Farmers are encouraged to maintain a strategic diesel reserve where storage regulations permit, ideally keeping a buffer stock of at least two to three weeks’ supply during peak operational seasons to guard against distribution delays.
Coetzee also noted that some farmers, anticipating further price increases, have been attempting to purchase additional diesel supplies in advance. While this is an understandable precaution, it may itself be contributing to the supply pressures being experienced in certain areas, as bulk purchasing by some operations reduces availability for others.

The Broader Economic Implications for South Africa
Fuel is a fundamental input cost in agricultural production, and its rising price carries implications well beyond the farm gate. Diesel expenditure accounts for roughly 12% to 18% of total farming expenses, a proportion that is significant enough to affect the financial viability of many operations and to have wider ripple effects throughout the economy.
South Africa’s agricultural sector is one of the most mechanised on the African continent, with diesel-powered machinery used extensively for irrigation, ploughing, planting, harvesting and transportation of produce – making the sector especially sensitive to fuel price volatility.

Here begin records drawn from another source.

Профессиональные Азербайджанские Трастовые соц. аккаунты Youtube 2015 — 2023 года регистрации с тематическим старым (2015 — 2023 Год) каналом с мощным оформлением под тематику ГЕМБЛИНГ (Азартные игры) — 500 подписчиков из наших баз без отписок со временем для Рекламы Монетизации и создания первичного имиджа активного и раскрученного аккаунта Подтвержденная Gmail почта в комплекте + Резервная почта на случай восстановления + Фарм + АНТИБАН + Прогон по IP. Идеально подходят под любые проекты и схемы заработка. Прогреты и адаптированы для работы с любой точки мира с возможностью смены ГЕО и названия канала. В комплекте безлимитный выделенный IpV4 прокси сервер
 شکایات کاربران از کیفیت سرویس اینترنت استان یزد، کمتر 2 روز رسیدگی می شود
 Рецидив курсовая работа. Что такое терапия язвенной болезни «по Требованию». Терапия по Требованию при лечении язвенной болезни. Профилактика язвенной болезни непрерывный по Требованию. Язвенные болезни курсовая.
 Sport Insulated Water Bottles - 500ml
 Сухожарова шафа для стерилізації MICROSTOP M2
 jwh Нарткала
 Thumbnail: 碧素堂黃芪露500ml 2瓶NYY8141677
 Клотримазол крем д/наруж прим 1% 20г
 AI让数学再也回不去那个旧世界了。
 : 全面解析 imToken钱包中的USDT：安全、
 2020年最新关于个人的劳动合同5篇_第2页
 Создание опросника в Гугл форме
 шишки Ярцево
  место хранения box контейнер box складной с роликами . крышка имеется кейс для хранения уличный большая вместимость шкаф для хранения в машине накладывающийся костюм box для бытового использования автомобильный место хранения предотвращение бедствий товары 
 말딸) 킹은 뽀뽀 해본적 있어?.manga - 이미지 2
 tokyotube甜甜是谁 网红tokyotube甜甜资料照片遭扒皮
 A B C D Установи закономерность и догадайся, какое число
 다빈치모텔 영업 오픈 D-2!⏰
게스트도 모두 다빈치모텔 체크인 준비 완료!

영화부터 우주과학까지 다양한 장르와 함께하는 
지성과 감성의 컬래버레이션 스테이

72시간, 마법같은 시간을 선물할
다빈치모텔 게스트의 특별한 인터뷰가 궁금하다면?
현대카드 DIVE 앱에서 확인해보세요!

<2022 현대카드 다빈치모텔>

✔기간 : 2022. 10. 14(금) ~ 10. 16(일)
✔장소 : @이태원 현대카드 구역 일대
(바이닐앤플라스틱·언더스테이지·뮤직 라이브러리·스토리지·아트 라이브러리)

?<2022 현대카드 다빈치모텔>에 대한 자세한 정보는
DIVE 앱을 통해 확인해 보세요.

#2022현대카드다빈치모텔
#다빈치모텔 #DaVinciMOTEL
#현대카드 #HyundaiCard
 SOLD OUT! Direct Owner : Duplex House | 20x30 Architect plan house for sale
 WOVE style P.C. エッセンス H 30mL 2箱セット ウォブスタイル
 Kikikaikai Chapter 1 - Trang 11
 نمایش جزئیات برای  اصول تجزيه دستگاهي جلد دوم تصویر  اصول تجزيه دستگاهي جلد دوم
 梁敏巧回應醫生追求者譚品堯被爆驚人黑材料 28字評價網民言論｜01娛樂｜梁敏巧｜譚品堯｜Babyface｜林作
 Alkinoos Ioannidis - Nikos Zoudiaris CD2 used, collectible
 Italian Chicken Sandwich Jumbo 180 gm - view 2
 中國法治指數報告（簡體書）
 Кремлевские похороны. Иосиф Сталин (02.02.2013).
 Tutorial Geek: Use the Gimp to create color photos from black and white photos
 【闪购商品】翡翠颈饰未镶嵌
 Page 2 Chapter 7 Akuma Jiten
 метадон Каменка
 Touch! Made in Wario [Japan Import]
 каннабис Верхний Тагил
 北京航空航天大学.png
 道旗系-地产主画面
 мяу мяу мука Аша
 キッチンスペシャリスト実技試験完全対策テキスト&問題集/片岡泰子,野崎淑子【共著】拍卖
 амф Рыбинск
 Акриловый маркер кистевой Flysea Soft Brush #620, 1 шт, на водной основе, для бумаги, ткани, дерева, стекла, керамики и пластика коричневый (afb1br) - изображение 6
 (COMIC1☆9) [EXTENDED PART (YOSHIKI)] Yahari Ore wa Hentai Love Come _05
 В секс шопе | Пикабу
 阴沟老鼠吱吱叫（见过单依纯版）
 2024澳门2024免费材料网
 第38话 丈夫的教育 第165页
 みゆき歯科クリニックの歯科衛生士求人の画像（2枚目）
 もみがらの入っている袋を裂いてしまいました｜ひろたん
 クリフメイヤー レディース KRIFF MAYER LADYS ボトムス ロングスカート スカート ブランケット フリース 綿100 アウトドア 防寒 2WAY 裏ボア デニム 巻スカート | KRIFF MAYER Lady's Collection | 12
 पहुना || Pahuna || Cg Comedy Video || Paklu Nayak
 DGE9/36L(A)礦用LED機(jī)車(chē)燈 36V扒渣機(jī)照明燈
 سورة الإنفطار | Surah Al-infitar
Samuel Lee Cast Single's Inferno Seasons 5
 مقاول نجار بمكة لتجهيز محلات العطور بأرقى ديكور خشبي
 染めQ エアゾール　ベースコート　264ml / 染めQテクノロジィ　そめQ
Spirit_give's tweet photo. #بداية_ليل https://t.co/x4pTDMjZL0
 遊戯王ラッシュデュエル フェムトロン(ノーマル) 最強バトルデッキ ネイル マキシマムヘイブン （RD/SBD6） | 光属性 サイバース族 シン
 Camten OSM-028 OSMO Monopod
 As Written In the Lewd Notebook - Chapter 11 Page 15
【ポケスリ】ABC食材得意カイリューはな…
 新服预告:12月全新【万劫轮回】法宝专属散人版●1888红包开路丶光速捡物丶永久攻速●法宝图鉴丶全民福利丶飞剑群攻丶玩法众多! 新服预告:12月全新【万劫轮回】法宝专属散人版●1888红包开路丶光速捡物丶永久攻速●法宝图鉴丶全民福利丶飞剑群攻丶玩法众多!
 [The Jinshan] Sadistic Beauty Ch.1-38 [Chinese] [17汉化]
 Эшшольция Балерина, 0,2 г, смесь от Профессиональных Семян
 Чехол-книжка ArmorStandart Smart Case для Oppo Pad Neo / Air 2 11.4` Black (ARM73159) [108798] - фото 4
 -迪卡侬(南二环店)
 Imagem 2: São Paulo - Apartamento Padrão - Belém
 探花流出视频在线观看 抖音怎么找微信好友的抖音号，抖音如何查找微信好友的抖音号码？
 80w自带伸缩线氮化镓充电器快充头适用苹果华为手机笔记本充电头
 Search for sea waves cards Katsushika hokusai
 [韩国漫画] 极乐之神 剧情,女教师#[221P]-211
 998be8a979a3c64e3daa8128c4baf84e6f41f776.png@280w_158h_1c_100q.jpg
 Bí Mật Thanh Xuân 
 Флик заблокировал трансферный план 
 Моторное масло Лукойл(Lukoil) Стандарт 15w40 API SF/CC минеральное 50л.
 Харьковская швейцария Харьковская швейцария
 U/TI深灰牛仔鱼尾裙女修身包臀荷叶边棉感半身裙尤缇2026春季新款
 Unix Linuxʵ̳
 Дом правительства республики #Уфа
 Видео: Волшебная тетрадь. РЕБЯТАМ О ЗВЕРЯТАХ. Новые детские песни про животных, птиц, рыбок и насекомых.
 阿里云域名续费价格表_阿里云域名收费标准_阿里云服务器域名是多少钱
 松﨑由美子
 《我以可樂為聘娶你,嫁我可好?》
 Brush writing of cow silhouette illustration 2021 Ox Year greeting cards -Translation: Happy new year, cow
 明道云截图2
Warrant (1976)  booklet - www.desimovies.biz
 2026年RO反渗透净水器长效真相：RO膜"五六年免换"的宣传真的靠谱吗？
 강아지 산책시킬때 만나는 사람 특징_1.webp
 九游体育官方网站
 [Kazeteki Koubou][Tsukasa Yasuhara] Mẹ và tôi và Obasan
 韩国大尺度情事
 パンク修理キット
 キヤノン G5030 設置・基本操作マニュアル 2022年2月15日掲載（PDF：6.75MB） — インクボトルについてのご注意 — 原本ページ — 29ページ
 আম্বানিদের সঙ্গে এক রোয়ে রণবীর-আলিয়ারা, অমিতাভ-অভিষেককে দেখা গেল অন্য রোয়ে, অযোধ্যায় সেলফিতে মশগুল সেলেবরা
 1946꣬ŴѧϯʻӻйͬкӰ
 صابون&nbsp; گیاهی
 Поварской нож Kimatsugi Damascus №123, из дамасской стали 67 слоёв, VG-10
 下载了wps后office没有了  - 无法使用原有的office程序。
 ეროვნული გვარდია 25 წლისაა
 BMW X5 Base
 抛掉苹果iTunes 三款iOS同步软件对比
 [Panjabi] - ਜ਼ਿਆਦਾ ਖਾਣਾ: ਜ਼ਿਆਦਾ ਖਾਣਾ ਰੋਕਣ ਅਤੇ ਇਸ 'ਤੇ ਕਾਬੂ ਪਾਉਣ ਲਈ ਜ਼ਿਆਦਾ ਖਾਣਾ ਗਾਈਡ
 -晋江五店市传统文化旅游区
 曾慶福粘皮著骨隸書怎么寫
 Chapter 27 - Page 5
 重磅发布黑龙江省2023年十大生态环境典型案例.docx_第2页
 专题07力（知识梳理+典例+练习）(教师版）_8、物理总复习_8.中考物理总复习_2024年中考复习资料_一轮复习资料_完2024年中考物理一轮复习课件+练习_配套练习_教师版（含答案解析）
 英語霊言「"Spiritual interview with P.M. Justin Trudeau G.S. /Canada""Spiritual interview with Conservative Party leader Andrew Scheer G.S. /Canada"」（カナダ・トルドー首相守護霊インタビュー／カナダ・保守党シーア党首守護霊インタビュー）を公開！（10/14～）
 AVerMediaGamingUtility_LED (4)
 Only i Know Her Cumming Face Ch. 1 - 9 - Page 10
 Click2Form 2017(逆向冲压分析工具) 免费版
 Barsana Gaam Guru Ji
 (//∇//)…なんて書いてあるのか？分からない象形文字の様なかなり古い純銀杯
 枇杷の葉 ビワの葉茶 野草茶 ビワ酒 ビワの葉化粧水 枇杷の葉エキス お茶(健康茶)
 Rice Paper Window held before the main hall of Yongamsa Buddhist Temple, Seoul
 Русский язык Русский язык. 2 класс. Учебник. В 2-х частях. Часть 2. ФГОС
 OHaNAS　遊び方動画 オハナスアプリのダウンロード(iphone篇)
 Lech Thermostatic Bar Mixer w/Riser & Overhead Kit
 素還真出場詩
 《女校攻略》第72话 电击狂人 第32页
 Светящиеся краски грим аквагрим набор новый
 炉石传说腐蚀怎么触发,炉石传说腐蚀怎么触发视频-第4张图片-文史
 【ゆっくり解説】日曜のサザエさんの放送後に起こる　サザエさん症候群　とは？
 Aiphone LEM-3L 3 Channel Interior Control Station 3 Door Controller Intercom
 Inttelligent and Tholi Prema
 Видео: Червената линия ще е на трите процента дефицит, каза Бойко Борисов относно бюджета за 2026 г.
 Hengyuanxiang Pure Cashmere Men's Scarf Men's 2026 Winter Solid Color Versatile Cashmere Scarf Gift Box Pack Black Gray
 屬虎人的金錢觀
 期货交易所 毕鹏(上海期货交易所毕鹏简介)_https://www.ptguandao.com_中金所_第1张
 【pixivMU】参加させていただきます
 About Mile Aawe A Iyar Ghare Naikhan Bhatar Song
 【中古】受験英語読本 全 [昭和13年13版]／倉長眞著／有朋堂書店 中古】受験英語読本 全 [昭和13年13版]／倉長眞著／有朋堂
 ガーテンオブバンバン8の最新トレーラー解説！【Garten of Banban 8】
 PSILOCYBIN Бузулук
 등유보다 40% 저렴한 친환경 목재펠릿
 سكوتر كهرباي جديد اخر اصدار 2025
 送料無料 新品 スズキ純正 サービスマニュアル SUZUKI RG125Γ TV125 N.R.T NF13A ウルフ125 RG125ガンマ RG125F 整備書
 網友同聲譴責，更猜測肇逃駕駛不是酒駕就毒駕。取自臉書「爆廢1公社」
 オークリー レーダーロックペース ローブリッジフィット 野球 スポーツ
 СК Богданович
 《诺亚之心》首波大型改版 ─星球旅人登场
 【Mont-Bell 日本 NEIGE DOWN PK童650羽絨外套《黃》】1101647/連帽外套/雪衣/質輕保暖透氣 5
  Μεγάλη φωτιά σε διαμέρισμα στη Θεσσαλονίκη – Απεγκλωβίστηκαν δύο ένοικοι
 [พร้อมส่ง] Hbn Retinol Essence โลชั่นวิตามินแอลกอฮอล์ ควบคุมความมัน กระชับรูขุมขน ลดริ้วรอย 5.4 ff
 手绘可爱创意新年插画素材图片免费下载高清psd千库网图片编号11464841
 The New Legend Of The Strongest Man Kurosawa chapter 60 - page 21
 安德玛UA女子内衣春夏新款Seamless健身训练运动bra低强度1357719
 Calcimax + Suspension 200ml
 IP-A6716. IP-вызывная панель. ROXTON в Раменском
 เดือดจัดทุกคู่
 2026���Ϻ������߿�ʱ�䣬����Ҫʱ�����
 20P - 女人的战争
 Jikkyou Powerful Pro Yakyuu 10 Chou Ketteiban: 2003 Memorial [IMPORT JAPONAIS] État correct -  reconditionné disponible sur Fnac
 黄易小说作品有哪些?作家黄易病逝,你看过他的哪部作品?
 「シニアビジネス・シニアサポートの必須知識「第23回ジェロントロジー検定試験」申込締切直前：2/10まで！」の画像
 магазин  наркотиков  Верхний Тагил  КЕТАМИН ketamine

The scale of the potential impact becomes even clearer when one considers the size and importance of the agricultural sector:
- The sector supports between 920,000 and 935,000 direct jobs across South Africa
- Agriculture contributes approximately 2% to 3% of the country’s GDP
- The agro-processing sector, which is directly fed by agricultural output, contributes a further 5% to GDP
- Agro-processing employs approximately 3% of the total national workforce
Consumers should be aware that sustained increases in diesel prices for farmers and transporters will likely translate into higher food prices at retail level within weeks, as increased input and logistics costs are passed along the supply chain.
Disruptions to farming operations therefore carry consequences that extend far beyond agriculture itself, touching the agro-processing sector, the broader supply chain, and ultimately the cost of food on the shelves of every South African household.
Conclusion
South Africa’s diesel crisis is no longer a looming threat – it is an unfolding emergency that is simultaneously striking two of the country’s most essential industries. With road freight operators facing potential closures and farmers struggling to secure enough fuel to sustain their operations, the consequences will inevitably ripple outward through the supply chain and into the pockets of ordinary South Africans. Unless urgent intervention from government – whether through extended fuel levy relief or measures to stabilise supply – is forthcoming, the damage to jobs, food security, and economic stability could prove far more costly than the price of diesel itself.